▶ [Source records]:
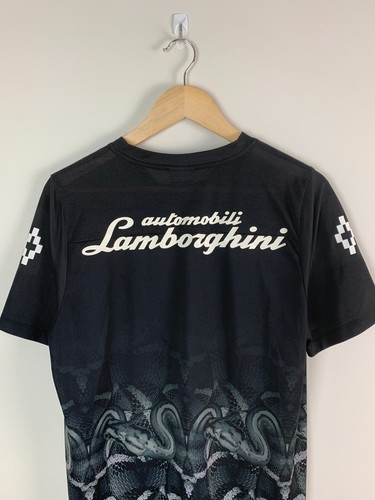 MARCELO BURLON x LAMBORGHINI Men's T-Shirt Size M Black Snake Print Logo Accent - Picture 11 of 13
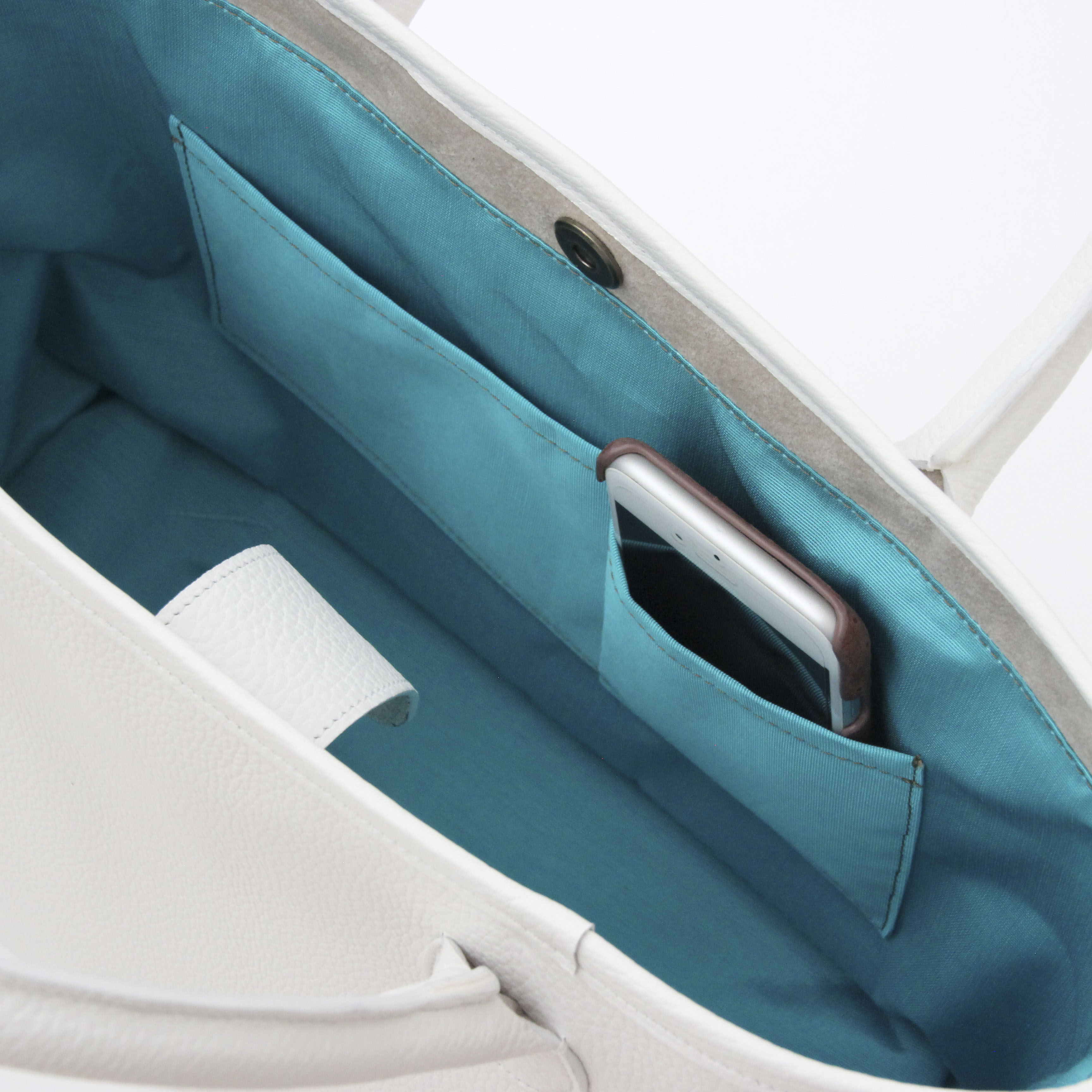 ピュアホワイト / シンプルレザートート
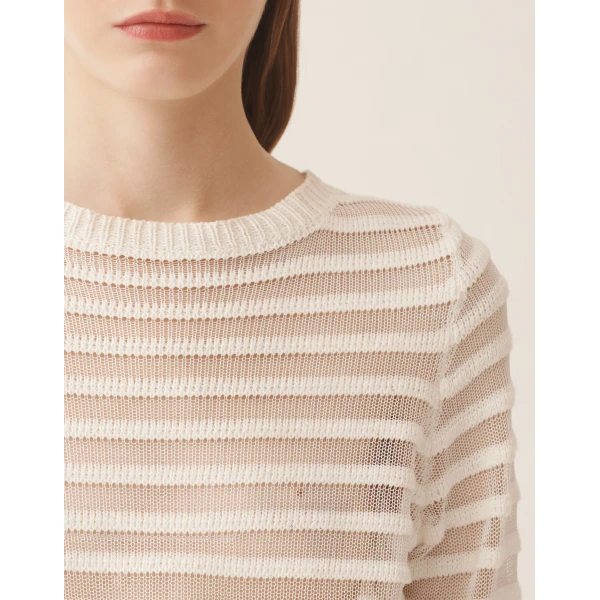 Fabiana Filippi White Cotton and Linen Sweater with Sequins, view 5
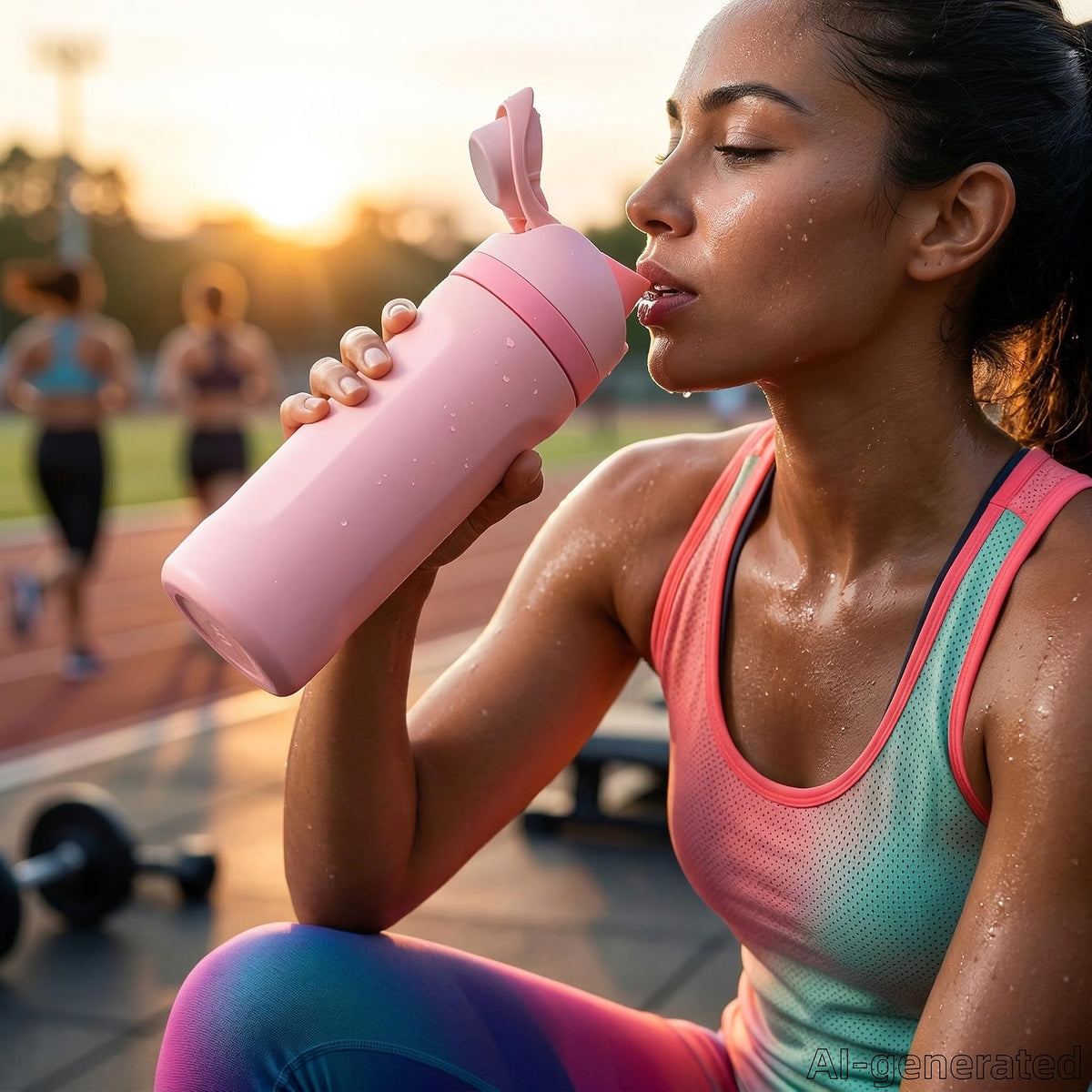 HyperionFlo Essentials 24oz Insulated Stainless Steel Water Bottle with Straw, Double-Wall Vacuum Travel Bottle, Leakproof Spillproof, Pink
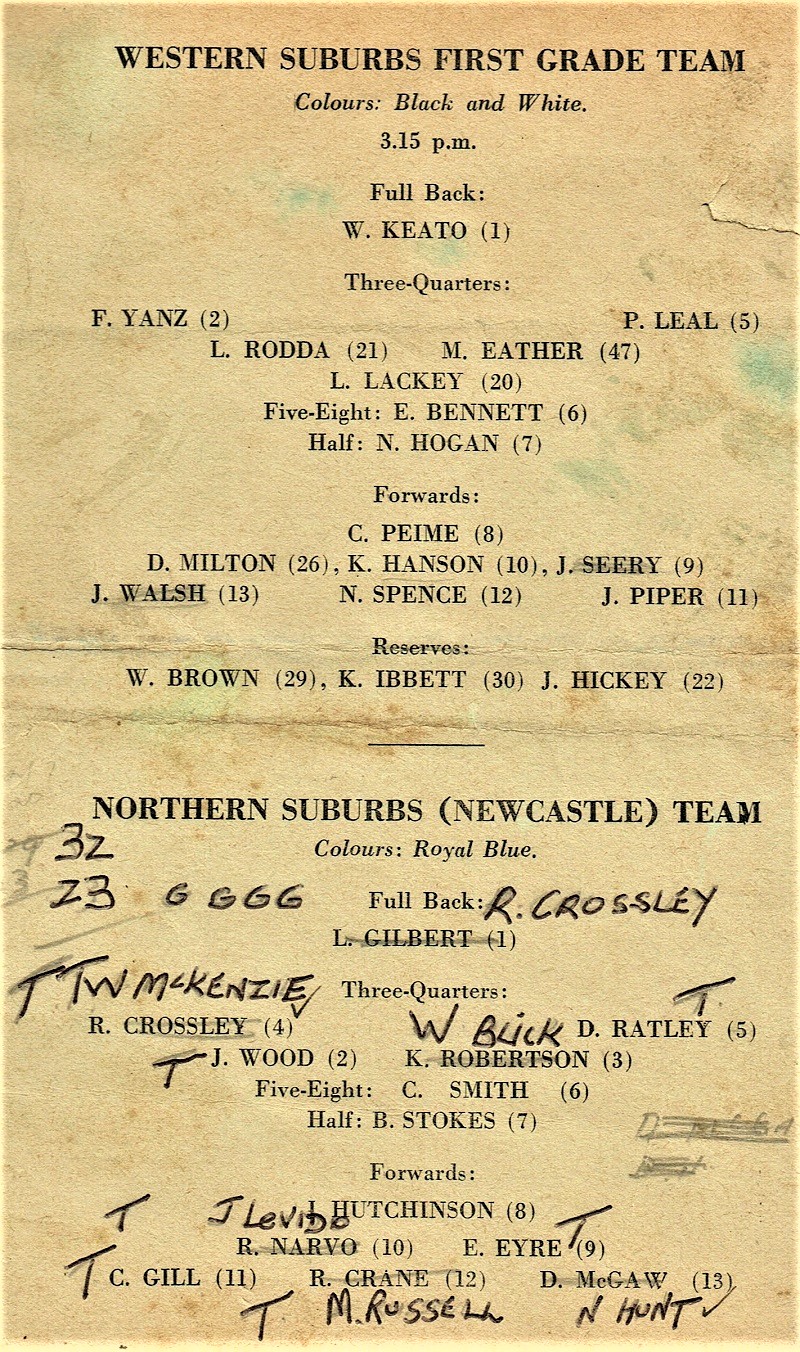 Western Suburbs (SYD) vs Northern Suburbs 1947.
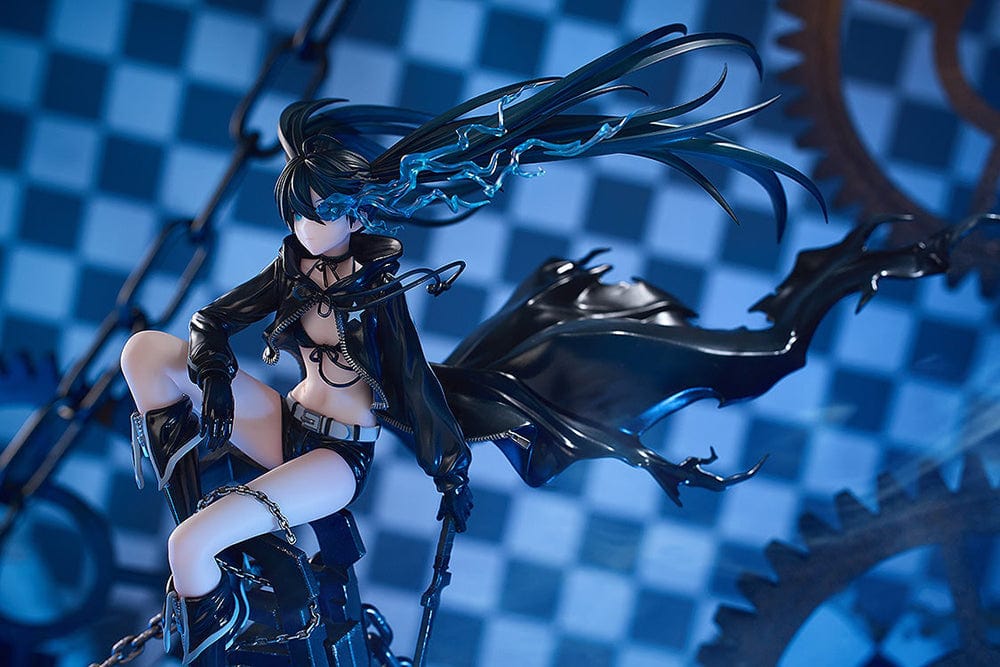 Black Rock Shooter Empress (Pilot Edition Ver.) 1/7 Scale Figure featuring dynamic pose, flowing black coat, blue flame eye, and shattered battlefield base with chains.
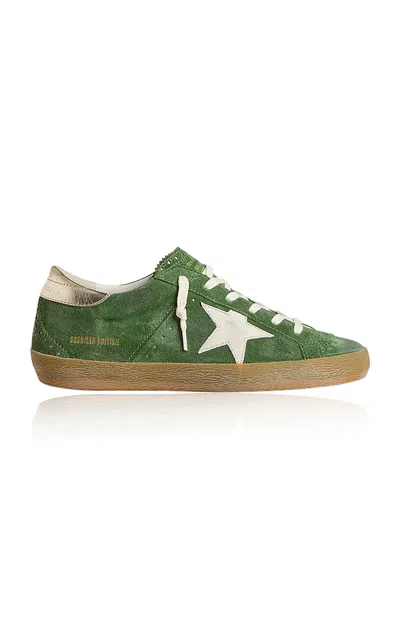 Golden Goose Super Star Suede Trainer In Green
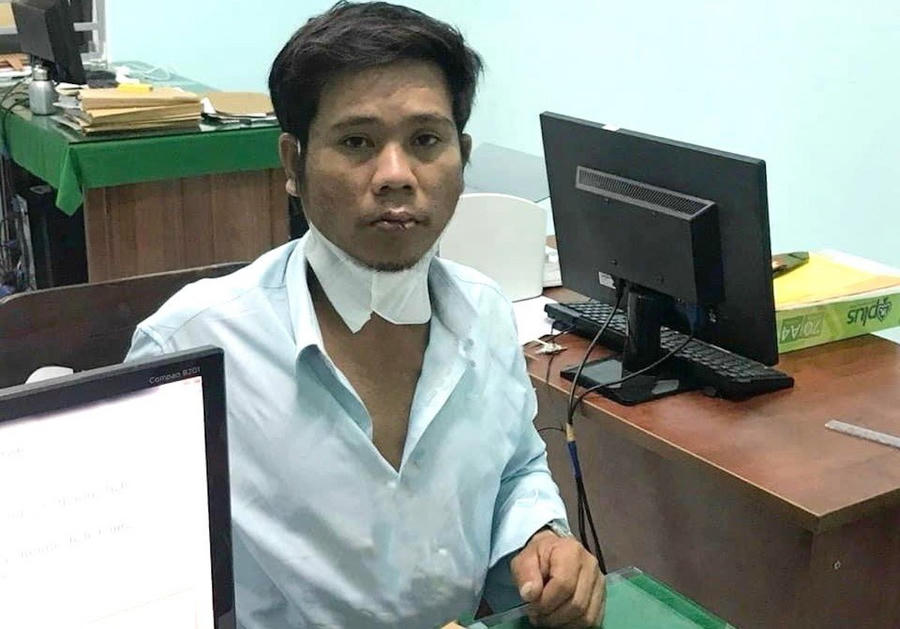 Phạm Văn Truyền tại cơ quan điều tra. Ảnh: CACC.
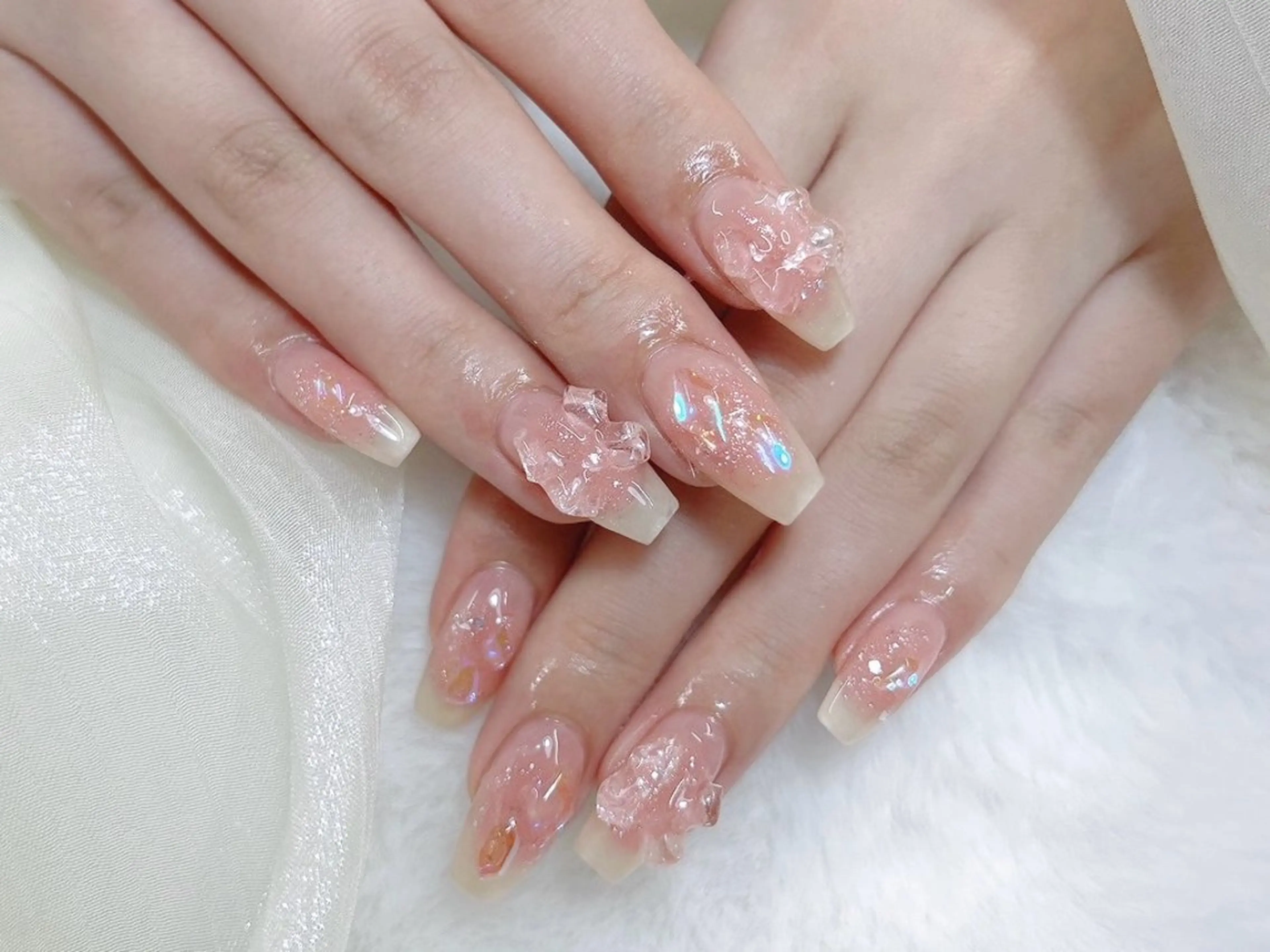 ネイル チークネイル キラキラネイル 韓国ネイル ワンホンネイル ハンドネイル Kanoネイル 大宮店のネイルデザイン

▶ [Work required]: From the first line to the last, repeat the material exactly, but drop the pictures.

▶ [Exercise output]:
 MARCELO BURLON x LAMBORGHINI Men's T-Shirt Size M Black Snake Print Logo Accent - Picture 11 of 13
 ピュアホワイト / シンプルレザートート
 Fabiana Filippi White Cotton and Linen Sweater with Sequins, view 5
 HyperionFlo Essentials 24oz Insulated Stainless Steel Water Bottle with Straw, Double-Wall Vacuum Travel Bottle, Leakproof Spillproof, Pink
 Western Suburbs (SYD) vs Northern Suburbs 1947.
 Black Rock Shooter Empress (Pilot Edition Ver.) 1/7 Scale Figure featuring dynamic pose, flowing black coat, blue flame eye, and shattered battlefield base with chains.
 Golden Goose Super Star Suede Trainer In Green
 Phạm Văn Truyền tại cơ quan điều tra. Ảnh: CACC.
 ネイル チークネイル キラキラネイル 韓国ネイル ワンホンネイル ハンドネイル Kanoネイル 大宮店のネイルデザイン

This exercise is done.